▶ **YOUR TASK**
Return the opening lines of the material, word for word. End with the line that contains "Elegant Orange Embroidered Saree".

▶ **DATA RECORDS**
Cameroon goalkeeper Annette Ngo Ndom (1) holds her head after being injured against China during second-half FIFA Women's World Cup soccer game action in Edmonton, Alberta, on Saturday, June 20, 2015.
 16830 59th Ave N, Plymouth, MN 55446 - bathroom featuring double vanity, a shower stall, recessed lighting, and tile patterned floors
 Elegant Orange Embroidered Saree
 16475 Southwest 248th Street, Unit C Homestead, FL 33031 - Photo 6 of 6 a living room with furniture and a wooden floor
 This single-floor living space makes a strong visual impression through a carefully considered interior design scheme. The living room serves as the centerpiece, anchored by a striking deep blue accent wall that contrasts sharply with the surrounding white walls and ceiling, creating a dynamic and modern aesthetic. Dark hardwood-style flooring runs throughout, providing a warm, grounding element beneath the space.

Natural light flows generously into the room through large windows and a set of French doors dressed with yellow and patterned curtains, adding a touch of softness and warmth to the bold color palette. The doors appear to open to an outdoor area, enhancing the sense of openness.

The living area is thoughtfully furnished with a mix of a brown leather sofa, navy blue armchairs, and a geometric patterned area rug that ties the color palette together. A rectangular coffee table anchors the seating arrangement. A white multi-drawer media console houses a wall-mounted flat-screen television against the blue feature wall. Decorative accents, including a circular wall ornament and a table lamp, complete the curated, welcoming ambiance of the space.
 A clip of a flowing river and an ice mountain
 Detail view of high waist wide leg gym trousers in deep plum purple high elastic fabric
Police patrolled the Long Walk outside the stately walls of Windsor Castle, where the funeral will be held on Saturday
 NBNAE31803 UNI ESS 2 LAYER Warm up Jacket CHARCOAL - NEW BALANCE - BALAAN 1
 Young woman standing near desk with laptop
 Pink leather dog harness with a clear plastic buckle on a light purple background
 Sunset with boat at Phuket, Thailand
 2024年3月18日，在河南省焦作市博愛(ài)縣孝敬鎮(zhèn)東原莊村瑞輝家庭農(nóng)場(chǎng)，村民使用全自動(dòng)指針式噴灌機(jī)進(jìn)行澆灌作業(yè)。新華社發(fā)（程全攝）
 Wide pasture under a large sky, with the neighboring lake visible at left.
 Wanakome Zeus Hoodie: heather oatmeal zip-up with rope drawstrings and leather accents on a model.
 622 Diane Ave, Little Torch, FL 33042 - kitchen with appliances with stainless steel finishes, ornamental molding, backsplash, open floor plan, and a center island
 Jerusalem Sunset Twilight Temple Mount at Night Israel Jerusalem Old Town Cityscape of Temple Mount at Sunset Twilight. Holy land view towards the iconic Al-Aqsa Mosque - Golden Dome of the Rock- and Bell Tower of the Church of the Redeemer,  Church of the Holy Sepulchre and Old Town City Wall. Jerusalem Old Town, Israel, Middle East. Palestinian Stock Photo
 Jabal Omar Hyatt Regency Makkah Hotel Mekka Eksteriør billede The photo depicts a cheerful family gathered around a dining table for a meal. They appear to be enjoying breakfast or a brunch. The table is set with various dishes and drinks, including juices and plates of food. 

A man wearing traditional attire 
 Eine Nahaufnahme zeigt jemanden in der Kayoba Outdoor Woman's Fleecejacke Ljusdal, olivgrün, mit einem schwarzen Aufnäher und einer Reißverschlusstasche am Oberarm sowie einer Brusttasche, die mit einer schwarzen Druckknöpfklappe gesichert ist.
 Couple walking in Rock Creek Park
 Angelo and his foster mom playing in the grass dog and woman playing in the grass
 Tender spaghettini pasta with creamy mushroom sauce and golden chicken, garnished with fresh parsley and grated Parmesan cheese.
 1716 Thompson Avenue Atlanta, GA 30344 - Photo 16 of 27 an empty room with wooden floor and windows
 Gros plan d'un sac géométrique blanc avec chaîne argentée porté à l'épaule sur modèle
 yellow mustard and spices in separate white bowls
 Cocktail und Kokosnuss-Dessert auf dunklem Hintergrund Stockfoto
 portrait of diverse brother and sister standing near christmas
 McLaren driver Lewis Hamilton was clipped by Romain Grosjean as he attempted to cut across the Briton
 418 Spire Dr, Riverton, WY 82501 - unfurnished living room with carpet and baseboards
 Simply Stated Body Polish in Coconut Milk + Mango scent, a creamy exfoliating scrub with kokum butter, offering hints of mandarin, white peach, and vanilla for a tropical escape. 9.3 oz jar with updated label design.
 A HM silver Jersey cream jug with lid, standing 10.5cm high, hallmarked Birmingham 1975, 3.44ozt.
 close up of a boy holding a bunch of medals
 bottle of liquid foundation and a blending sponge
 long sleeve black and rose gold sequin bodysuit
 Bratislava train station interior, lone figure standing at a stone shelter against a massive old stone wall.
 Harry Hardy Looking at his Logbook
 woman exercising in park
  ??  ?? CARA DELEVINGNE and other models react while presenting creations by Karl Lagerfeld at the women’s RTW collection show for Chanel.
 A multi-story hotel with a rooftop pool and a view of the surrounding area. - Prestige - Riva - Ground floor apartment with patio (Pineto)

▶ **ANSWER SECTION**
Cameroon goalkeeper Annette Ngo Ndom (1) holds her head after being injured against China during second-half FIFA Women's World Cup soccer game action in Edmonton, Alberta, on Saturday, June 20, 2015.
 16830 59th Ave N, Plymouth, MN 55446 - bathroom featuring double vanity, a shower stall, recessed lighting, and tile patterned floors
 Elegant Orange Embroidered Saree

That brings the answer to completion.